LME inventories continued to trend lower as copper stocks declined 0.42% d-o-d to 305,200 t, extending the recent drawdown and highlighting tightening physical availability. Aluminium inventories fell 0.52% to 286,225 t, while zinc stocks declined 0.46% to 114,275 t. Lead and nickel inventories remained stable.

Domestic market overview

India’s non-ferrous scrap market remained steady on 14 July.
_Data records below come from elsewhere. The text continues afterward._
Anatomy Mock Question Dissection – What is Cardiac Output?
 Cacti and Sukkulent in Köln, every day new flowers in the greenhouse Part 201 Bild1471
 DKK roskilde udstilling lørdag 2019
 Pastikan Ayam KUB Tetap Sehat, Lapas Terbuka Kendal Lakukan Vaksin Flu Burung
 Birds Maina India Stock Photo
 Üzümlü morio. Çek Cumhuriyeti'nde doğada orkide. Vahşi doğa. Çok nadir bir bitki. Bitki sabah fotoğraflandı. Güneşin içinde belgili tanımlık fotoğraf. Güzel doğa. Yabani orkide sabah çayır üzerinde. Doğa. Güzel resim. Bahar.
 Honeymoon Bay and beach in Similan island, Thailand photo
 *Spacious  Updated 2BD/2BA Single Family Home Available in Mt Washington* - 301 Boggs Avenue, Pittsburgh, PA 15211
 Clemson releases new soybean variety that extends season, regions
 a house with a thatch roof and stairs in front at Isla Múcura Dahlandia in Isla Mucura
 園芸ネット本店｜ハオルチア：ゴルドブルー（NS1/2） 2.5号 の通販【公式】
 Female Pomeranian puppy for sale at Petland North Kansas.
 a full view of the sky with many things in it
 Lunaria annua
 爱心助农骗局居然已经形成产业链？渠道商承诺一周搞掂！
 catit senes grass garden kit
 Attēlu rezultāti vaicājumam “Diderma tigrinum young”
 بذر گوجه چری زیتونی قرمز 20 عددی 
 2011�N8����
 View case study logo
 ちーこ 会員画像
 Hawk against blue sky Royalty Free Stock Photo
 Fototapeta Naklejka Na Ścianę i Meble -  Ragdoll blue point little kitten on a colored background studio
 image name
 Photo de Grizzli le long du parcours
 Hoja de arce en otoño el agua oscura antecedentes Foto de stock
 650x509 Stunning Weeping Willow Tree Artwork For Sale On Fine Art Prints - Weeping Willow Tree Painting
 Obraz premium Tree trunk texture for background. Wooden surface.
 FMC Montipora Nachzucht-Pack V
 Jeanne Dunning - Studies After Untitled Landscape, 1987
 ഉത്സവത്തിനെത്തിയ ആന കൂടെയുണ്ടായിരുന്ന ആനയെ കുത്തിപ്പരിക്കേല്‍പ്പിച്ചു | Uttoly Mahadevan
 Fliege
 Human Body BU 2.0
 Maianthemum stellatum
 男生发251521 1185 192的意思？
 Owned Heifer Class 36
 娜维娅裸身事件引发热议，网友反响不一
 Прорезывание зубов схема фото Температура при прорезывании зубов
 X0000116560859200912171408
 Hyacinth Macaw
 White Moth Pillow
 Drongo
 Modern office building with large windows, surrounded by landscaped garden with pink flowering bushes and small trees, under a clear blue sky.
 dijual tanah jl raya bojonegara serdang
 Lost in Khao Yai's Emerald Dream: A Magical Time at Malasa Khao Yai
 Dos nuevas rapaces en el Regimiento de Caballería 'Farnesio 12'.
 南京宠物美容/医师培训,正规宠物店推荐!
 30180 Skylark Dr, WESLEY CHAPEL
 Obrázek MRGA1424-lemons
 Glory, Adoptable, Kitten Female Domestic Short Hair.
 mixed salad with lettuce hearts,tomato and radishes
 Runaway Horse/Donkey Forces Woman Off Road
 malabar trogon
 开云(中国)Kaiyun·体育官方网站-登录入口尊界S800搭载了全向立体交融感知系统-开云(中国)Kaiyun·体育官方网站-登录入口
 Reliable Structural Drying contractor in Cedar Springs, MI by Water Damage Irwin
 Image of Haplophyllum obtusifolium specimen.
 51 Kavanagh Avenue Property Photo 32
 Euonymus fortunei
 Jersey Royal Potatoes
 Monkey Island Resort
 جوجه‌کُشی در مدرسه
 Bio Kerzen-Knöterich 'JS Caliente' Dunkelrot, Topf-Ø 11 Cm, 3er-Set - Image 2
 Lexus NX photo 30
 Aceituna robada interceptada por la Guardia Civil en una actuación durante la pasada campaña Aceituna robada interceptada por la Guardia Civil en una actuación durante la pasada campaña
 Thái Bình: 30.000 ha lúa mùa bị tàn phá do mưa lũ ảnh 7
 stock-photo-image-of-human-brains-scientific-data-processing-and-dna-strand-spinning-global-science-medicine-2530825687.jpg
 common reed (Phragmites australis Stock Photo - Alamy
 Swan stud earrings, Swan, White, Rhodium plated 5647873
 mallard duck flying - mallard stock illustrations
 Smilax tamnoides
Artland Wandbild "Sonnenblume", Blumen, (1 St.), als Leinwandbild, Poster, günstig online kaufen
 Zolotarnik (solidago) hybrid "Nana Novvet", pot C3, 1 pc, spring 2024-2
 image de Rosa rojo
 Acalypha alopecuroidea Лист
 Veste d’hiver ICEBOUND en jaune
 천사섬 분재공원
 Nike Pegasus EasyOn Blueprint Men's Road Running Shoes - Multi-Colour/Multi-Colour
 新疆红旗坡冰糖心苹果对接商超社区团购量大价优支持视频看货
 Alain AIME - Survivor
Aluminium tense scrap (loose), ex-Delhi, remained unchanged at INR 268,000/t, while ex-Chennai prices also remained unchanged at INR 255,000/t.

Meanwhile, copper armature scrap (Cu 99%), ex-Delhi, increased by INR 7,000/t, or 0.58% d-o-d, to INR 1,217,000/t, tracking gains in global copper prices.

Oil remains elevated on escalating US-Iran tensions

Global crude oil prices remained firm on 15 July 2026, with Brent crude rising 0.60% d-o-d to $85.42/bbl, while WTI crude held steady at $79.79/bbl. Natural gas increased 1.53% to $2.92/MMBtu.

Oil prices stayed near multi-month highs after renewed US-Iran hostilities targeted energy infrastructure. Fresh US strikes on Iranian military and energy targets, coupled with Tehran’s threats to disrupt shipping, sustained the geopolitical risk premium in crude markets.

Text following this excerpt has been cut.